Saturday, September 10, 2011

Professor Chenoweth's Talk on Civil Resistance

Like so many others around the globe, this past spring I was captivated by the movement that occurred in Egypt. The way that such a huge amount of people were able to coordinate and work together and bring about major changes using barely any violence or warfare was fascinating to me. I haven’t really been aware of modern nonviolent civil resistance movements – the only one I could think of off the top of my head is the Civil Rights Movement of the 1960s. So when I learned of Professor Chenoweth’s talk on civil resistance, I was interested to hear what she would have to say about the topic.

Dr. Erica Chenoweth is Assistant Professor of Government at Wesleyan University, teaching courses on international relations, terrorism, civil war, and contemporary warfare. She has written three books and numerous articles for Foreign Policy and other magazines, as well as her own blog, Rational Insurgent. The title of this blog is a terminology that she explained in two parts: an insurgent is, by definition, a rebel, and a rational person is one who thinks logically. So a “rational insurgent” would be a person who tries to bring about change in a thoughtful, clear-headed way. This term can describe those who participate in civil nonviolent resistance instead of violent fighting to rebel. Professor Chenoweth explained that she did not have an agenda going into her research. She had been skeptical about the impact that nonviolent resistance could have, because she was more used to studying violent warfare in her academic career. She was not a pacifist nor did she have strong moral beliefs, as she put it. But in 2006 she participated in a workshop, and in the reading she did in preparation for it she was inspired by some of what she read about nonviolent resistance.
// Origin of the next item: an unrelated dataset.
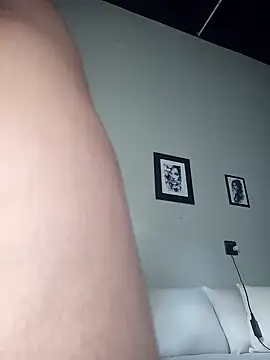 MadamPinky online show from 04-14-26, 02:12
Soon after, she began research to try to quantify just how effective nonviolence resistance could be and was surprised by the results she got.

The three main arguments Dr. Chenoweth based her talk on were that one, nonviolent resistance is a superior strategy; two, nonviolent resistance often works and it succeeds in places one might not expect, such as brutal dictatorships; and three, that nonviolent resistance and “the norms that it generates” (such as a sense of unity, morality) produces more positive effects for people. These arguments are founded on data that Chenoweth collected from 323 nonviolent and violent campaigns from 1900-2006, all of which had over one thousand participants. Typical variables observed in these campaigns included peak membership, security force defections, government repression, material support received from foreign sources, nation’s population, and regime type. The results: fifty percent of nonviolent campaigns were successful in achieving their goals while only twenty percent of violent campaigns achieved this level of success. About thirty percent of nonviolent campaigns ended in failure, but so did seventy-five percent of violent campaigns. The remaining percentages were classified as partial successes, for which there was a higher rate among nonviolent movements.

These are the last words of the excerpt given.